Friday, December 9, 2011

Love

Today I have loved...........complete strangers!
I am open now.........to the heaviness......of life. 
I am infested...........with a cult of self! But wanting to be more; "Christ Like!"
My own thoughts exploding with possibilities.......of yearning to make a difference in the world.


The weight of it all pushes me down............and it's He that whispers......."I have entrusted you with much." So much will be demanded.

I seriously think about surrender.........but I am not sure if it is possible.
MOVE on I hear him whisper.............move forward.
It's in the early dawn I just want to lay back down and pull the covers over my head. Visions dance of a large white sheet flapping in the wind...............with me screaming.........."I give up............I surrender!"
 At the end of a long two days at work I am forever changed.

She's 24................and she has two kids............3 and 5. They thought she had a vertigo issue so they gave her medicine.

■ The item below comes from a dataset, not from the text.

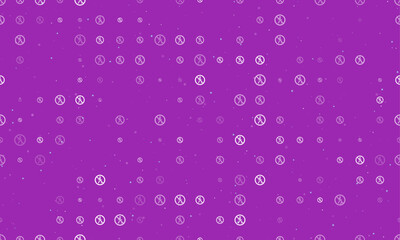 Seamless background pattern of evenly spaced white pedestrian traffic prohibited signs of different sizes and opacity. Vector illustration on purple background with stars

But instead it's a tumor the kind with fingers............growing into her brain stem.

I nuzzled my face into her neck. The surgery is today and she could die.
I kiss her forehead and rub her back. I tell her of a Jesus who saves..............and she begs me not to leave her.
Her speech is garbled and it's hard to understand................the tumor is pushing hard on the brain stem.
Her mouth starts to droop mimicking a stroke victim all the while the pain is starting to spiral out of control.
Just when I think it couldn't get any worse she goes blind and now her world is black. She can't see any of us anymore and it is then that she looses it.
Jesus I whisper......help her. I murmur prayer over her and nothing really comes so we all just cry.
Why me? I scream.  But I do it anyway because; God is Love and Love is God!
We are filled so we can spill out................His love! Does it hurt this bad because we love? Is this seeing people through His eyes? The scales are starting to fall from my very own eyes. I am scared and unsure if I truly want to see.

I have been blessed in so many ways.............and it is at this moment I have been chosen to endure the pain...............the pain of feeling love for a complete stranger and feeling scared for her as if she was my own child.
Some days my vision is blurred from other's pain.............and it is then that I forget to find the gratitude in everything..... that every moment is from Him......if only I could see...... (maybe it's me who is choosing not to see.)

Tomorrow or next week I will forget...........someone else will come through that hospital hurting, maybe dying. I will struggle to find the right words to encourage.
The hospital can be a place where somehow the trauma of people's past come back to haunt them.....but I tell them to fight to hold on to the goodness of God.  God is here in this mess.......and He knows pain and suffering! He did it for us.

Life can be messy at times and for some reason through it all Jesus is there. Showing His goodness in our trials of life. If we would just look up keeping our eyes on Him through it all.


He who lived only to die!
Could I ? Could you? Live only to die to self? To spill out His LOVE?
He died for you and for me? Can we not spend a little of ourselves on others this Holiday season?
The more you stretch..........yourself for others.........for complete strangers is where you will see His face!